Barcode Errors Impair Demultiplexing with Cutadapt?

I hope this question can help others working with paired-end sequences that have forward.fastq.gz, reverse.fastq.gz, and a metadata table containing a column with barcodes. My main problem is that the cutadapt demultiplexing identifies very sequences per sample. I believe this is due to a barcode issue.

My methods:
To import the data into qiime2 I followed this qiime2 tutorial.

qiime tools import \
  --type MultiplexedPairedEndBarcodeInSequence \
  --input-path sequences \
  --output-path multiplexed-seqs.qza

To demultiplex the data I used the cutadapt command:

qiime cutadapt demux-paired \
--i-seqs multiplexed-seqs.qza \
--m-forward-barcodes-file metadata.tsv \
--m-forward-barcodes-column barcode-sequence \
--p-error-rate 0.1 \
--output-dir demultiplexed_data

To summarize the data I followed the basic code:

qiime demux summarize \
--i-data demultiplexed_data/per_sample_sequences.qza \
--o-visualization demultiplexed_data.qzv

The problem I encountered was that almost no reads were found for some samples.

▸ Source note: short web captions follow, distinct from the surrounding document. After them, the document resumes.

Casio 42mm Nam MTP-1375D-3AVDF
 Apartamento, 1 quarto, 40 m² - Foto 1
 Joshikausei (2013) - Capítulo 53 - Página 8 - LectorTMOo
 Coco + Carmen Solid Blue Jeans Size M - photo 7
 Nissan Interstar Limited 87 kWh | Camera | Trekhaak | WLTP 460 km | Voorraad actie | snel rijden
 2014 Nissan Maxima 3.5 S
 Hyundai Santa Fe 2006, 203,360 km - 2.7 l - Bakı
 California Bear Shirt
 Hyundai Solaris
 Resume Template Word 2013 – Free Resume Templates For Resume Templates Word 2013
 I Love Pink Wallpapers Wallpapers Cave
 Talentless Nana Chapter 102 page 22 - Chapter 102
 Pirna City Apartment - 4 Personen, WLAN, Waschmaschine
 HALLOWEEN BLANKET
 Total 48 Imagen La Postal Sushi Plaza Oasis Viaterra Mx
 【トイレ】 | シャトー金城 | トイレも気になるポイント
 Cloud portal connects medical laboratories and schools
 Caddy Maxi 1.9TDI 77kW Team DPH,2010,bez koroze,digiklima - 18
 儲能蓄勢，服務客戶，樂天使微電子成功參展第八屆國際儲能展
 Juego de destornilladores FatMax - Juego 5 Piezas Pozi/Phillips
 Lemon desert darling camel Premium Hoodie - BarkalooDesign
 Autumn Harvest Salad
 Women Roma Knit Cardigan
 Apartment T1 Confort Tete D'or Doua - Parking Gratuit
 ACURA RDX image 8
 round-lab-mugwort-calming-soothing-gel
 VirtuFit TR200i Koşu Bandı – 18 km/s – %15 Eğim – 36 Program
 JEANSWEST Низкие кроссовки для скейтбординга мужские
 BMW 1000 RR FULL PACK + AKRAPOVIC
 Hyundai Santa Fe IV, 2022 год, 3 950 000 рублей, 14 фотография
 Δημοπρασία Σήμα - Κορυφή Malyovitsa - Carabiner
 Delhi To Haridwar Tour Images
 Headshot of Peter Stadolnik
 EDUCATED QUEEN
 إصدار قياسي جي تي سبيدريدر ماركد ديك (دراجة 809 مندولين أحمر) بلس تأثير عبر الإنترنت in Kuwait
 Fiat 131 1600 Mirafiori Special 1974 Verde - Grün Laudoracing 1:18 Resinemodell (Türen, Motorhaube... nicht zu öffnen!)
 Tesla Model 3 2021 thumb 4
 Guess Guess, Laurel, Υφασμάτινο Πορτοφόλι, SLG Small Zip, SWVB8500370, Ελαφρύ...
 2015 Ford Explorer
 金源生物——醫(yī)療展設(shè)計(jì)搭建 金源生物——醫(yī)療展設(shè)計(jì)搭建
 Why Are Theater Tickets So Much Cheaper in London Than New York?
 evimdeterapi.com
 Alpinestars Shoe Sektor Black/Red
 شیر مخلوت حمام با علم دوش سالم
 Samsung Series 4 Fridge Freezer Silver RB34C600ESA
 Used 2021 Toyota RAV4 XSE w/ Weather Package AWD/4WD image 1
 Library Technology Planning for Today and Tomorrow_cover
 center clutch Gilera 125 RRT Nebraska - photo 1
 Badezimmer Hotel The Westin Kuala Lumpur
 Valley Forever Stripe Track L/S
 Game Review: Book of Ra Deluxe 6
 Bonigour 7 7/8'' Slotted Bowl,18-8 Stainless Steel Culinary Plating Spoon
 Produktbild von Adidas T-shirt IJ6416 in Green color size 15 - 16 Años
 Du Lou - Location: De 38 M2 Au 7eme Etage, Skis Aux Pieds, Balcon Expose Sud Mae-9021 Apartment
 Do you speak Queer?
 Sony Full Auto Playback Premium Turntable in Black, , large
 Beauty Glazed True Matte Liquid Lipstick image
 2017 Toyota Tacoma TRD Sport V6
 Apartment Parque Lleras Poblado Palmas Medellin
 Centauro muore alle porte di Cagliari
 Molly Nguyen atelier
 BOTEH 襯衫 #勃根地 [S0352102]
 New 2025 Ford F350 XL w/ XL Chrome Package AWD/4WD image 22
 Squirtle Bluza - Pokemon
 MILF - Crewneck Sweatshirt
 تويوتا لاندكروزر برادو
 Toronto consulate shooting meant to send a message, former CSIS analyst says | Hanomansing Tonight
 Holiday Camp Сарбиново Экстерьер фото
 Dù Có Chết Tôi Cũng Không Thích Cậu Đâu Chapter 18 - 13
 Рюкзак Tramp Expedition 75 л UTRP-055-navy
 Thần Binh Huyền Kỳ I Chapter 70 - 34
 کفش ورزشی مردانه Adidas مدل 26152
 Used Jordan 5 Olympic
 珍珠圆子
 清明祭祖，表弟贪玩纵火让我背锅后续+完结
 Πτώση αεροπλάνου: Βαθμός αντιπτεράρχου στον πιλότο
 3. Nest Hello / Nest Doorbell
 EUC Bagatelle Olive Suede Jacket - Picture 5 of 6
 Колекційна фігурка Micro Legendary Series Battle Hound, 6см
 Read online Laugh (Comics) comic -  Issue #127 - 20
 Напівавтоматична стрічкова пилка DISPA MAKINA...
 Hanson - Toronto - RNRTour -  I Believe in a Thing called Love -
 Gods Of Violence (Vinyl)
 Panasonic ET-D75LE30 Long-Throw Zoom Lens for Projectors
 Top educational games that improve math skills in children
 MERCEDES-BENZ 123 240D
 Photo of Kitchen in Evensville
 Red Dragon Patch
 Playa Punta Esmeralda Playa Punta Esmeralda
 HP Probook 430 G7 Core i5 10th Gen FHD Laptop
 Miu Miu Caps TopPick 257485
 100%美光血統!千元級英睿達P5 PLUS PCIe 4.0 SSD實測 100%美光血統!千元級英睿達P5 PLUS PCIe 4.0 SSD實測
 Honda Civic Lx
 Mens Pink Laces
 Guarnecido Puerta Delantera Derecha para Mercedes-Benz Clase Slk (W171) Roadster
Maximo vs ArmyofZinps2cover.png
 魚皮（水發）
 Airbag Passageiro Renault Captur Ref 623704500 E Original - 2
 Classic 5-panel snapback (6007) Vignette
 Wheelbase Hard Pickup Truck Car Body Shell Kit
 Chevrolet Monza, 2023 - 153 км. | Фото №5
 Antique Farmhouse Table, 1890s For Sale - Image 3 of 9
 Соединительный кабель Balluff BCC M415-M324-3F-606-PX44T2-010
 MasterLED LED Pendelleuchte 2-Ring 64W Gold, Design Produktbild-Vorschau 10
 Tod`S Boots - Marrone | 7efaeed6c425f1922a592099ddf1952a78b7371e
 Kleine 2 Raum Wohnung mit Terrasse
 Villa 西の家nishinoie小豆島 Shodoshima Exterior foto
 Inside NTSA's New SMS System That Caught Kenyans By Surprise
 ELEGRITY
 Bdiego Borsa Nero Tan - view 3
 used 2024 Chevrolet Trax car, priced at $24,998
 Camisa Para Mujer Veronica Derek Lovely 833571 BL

I used a simple grep search of the unzipped forward reads (gunzip forward.fastq.gz) and found that there were a lot of errors in the barcodes themselves. For example, all barcodes started with "TAAGGCGA" followed by 8 unique nucleotides. I used the grep command grep -o TAAGGCGA........ forward.fastq | sort | uniq and identified 163 unique variations of the barcodes. None of these extracted barcodes exactly matched the barcodes I supplied in my metadata.tsv file.

I increased the number of sequences identified for each sample by allowing more errors in the barcode matching with the following command:

qiime cutadapt demux-paired \
--i-seqs multiplexed-seqs.qza \
--m-forward-barcodes-file metadata.tsv \
--m-forward-barcodes-column barcode-sequence \
**--p-error-rate 0.2** \
--output-dir demultiplexed_data_error.2

This identified more sequences. However, I am left feeling unsure about the demultiplexing process.

Am I right in assuming that my main issue stems from the barcodes?
Is it normal to not have a perfect match for the barcodes?
Or is this user error?

I am using qiime2-2021.4, on a windows 10 computer using the windows subsystem for Linux. I have used this computer to analyze microbiome data previously so I don't think it is my hardware.

Thank you for your time and support.

Hi @Stephan_Bitterwolf, thanks for reaching out!

Based on the test you ran by increasing the error rate, my assumption here would be that the main issue is caused by your barcodes - but I will tag a couple of folks on this to see what additional insight we can provide here. Thanks for your patience!

Hi @Stephan_Bitterwolf,

Thanks again for your patience! Here are some thoughts on this:

It's hard to tell exactly what the issue is here without knowing the full set up of your experiments or looking at the raw reads/barcodes, but the most likely culprits are:

  • The presence of other non-biological nts before your barcodes (which you have already said you noticed). You can add those to the barcode columns so they match exactly.
  • Your barcodes may be in some other orientation - try checking whether the complement, or reverse complement of the barcodes match anything in the reads.
  • The reads may be in mixed orientation, which might be workable with the --p-mixed-orientation parameter.

Overall though, we wouldn't recommend messing with increasing the error-rate; that starts to enter some shaky territory. q2-demux does support error correction but it is designed for 12nt Golay, not 8 nt Hamming. For 8nt correction you'll have to work with something outside of QIIME 2. QIIME 1 should be able to handle that, which may be a good next step for you to look into.

Hope this helps!


This topic was automatically closed 31 days after the last reply. New replies are no longer allowed.